**PROBLEM DETAILS:**
Could you repeat the records below exactly, leaving the pictures out?

**EXCERPTED RECORDS:**
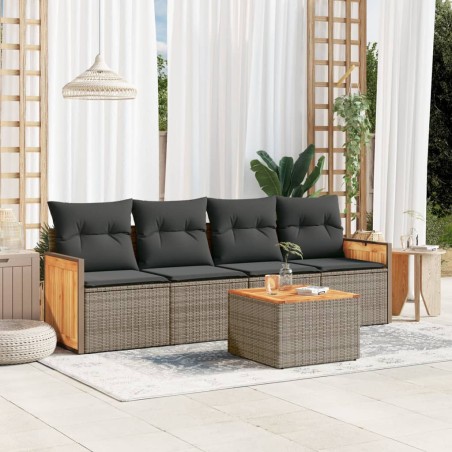 vidaXL Juego de sofás jardín con cojines 5 pzas ratán sintético gris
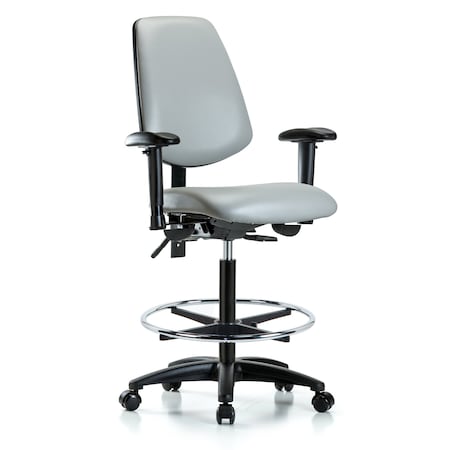 Blue Ridge Ergonomics High Bench Chair Adjustable Arms, 26" to 35" Height, Vinyl, Dove BR-VHBCH-MB-RG-T1-A1-CF-RC-8567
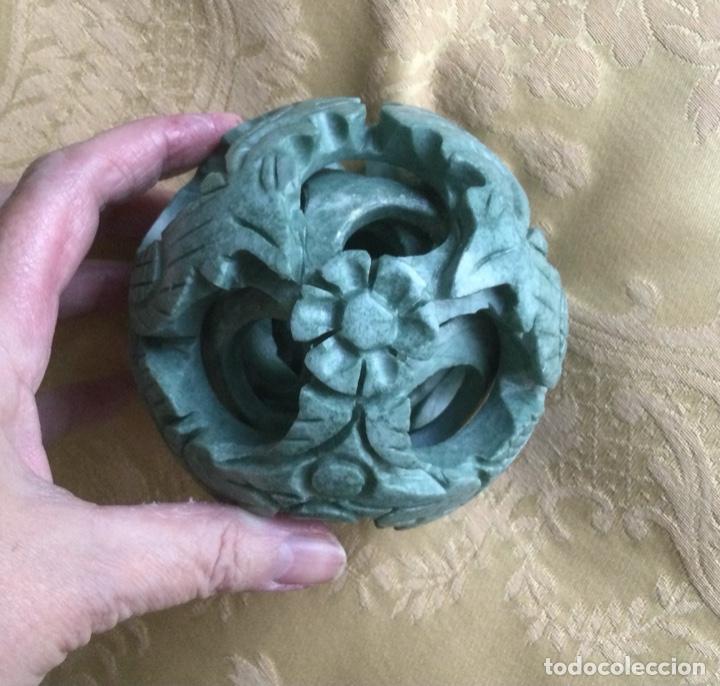 Vintage: BOLA CON 4 BOLAS CONC&Eacute;NTRICAS, DE JADE, TALLADAS A MANO - Foto 15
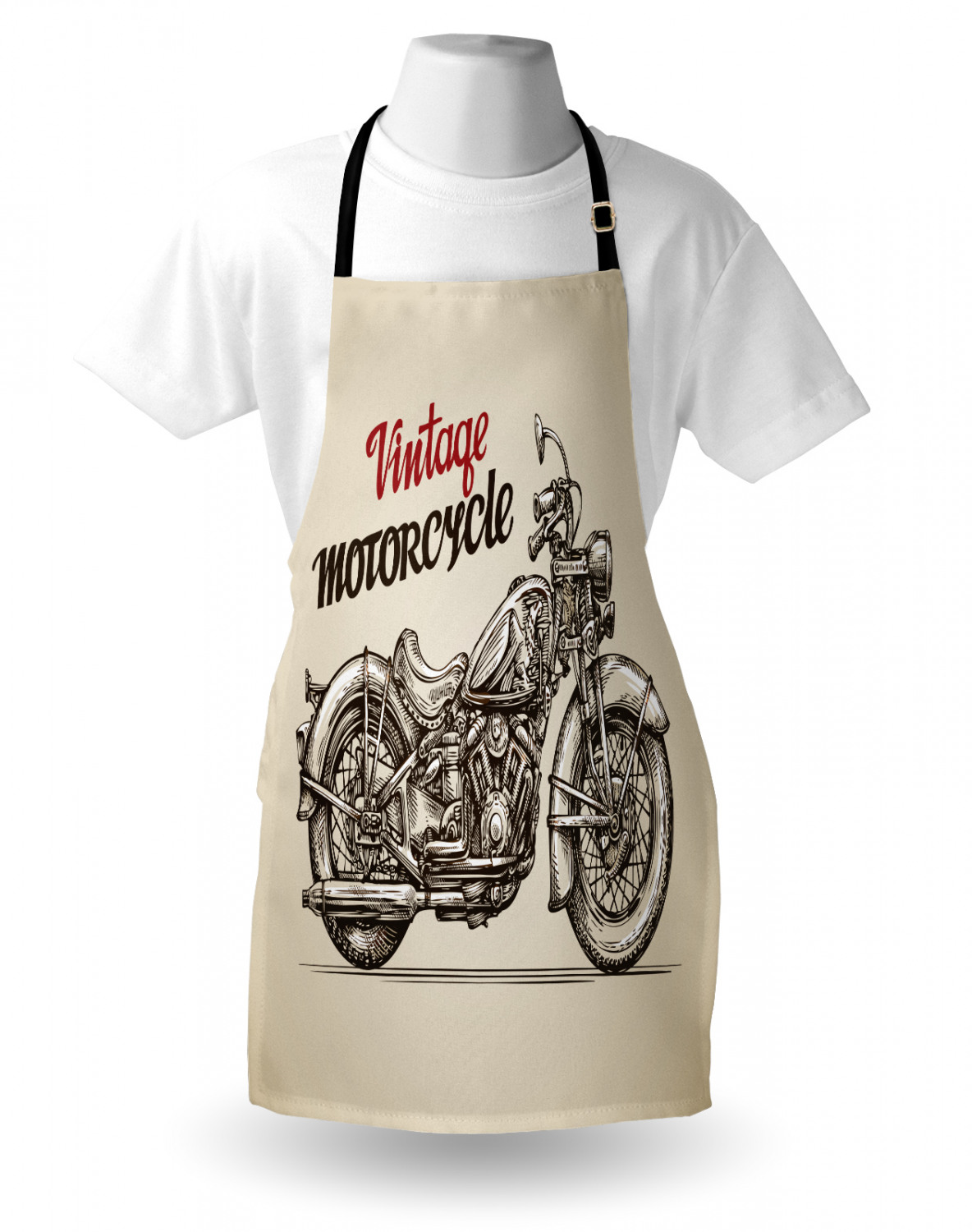 Motorcycle Apron Unisex Kitchen Bib with Adjustable Neck for Cooking Gardening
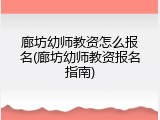廊坊幼师教资怎么报名(廊坊幼师教资报名指南)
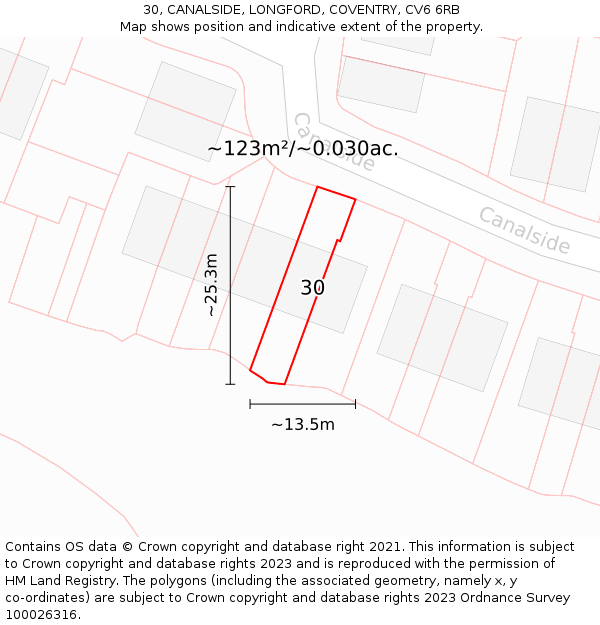 30, CANALSIDE, LONGFORD, COVENTRY, CV6 6RB: Plot and title map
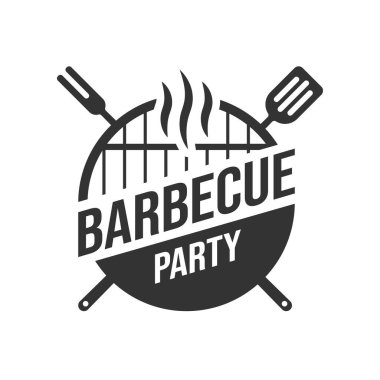 Barbekü ve ızgara etiketi. Bbq amblemi ve rozet tasarımı. Restoran menüsü logo şablonu. Vektör illüstrasyonu.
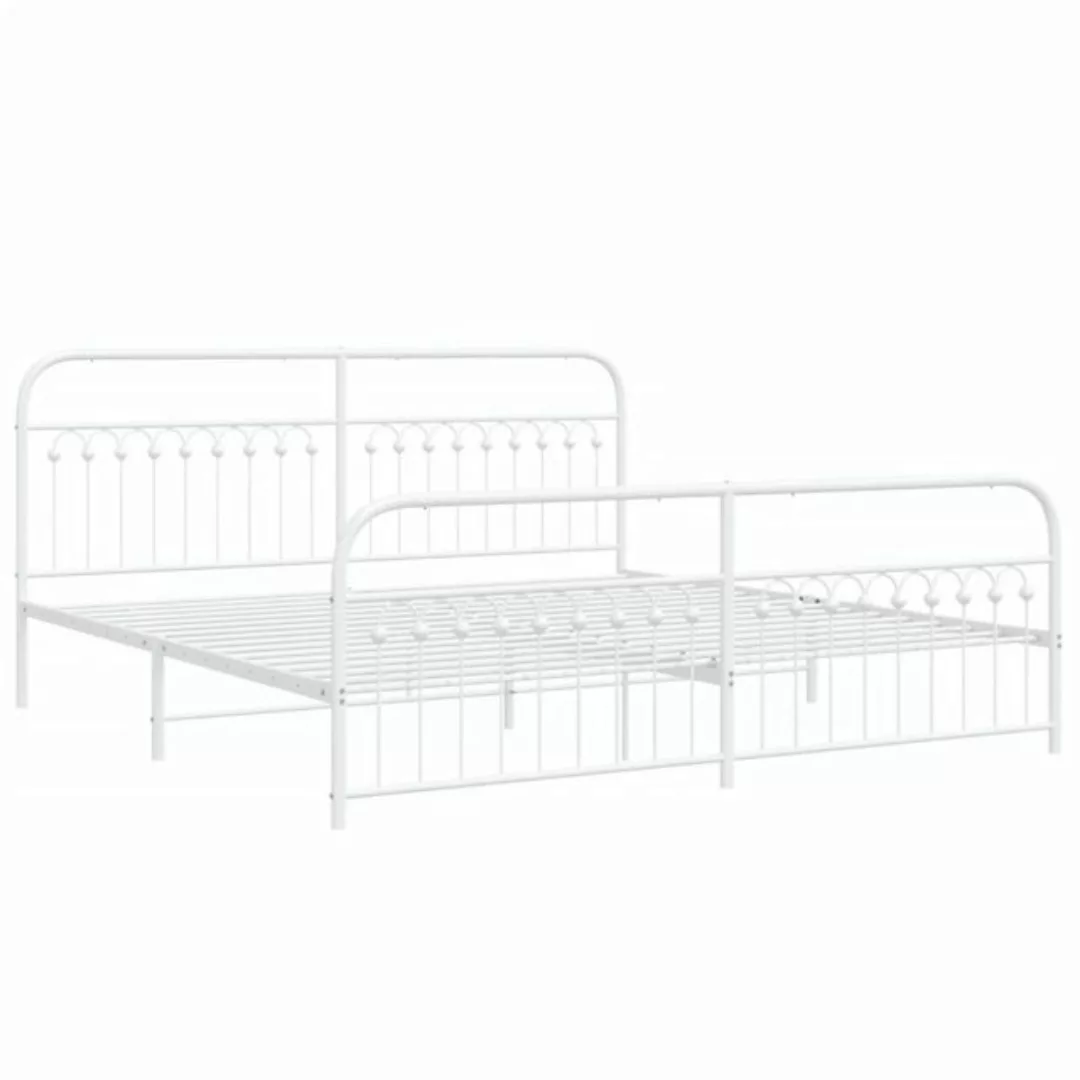 vidaXL Bett Bettgestell mit Kopf- und Fußteil Metall Weiß 200x200 cm günstig online kaufen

**ANSWER BOX:**
 vidaXL Juego de sofás jardín con cojines 5 pzas ratán sintético gris
 Blue Ridge Ergonomics High Bench Chair Adjustable Arms, 26" to 35" Height, Vinyl, Dove BR-VHBCH-MB-RG-T1-A1-CF-RC-8567
 Vintage: BOLA CON 4 BOLAS CONC&Eacute;NTRICAS, DE JADE, TALLADAS A MANO - Foto 15
 Motorcycle Apron Unisex Kitchen Bib with Adjustable Neck for Cooking Gardening
廊坊幼师教资怎么报名(廊坊幼师教资报名指南)
 30, CANALSIDE, LONGFORD, COVENTRY, CV6 6RB: Plot and title map
 Barbekü ve ızgara etiketi. Bbq amblemi ve rozet tasarımı. Restoran menüsü logo şablonu. Vektör illüstrasyonu.
 vidaXL Bett Bettgestell mit Kopf- und Fußteil Metall Weiß 200x200 cm günstig online kaufen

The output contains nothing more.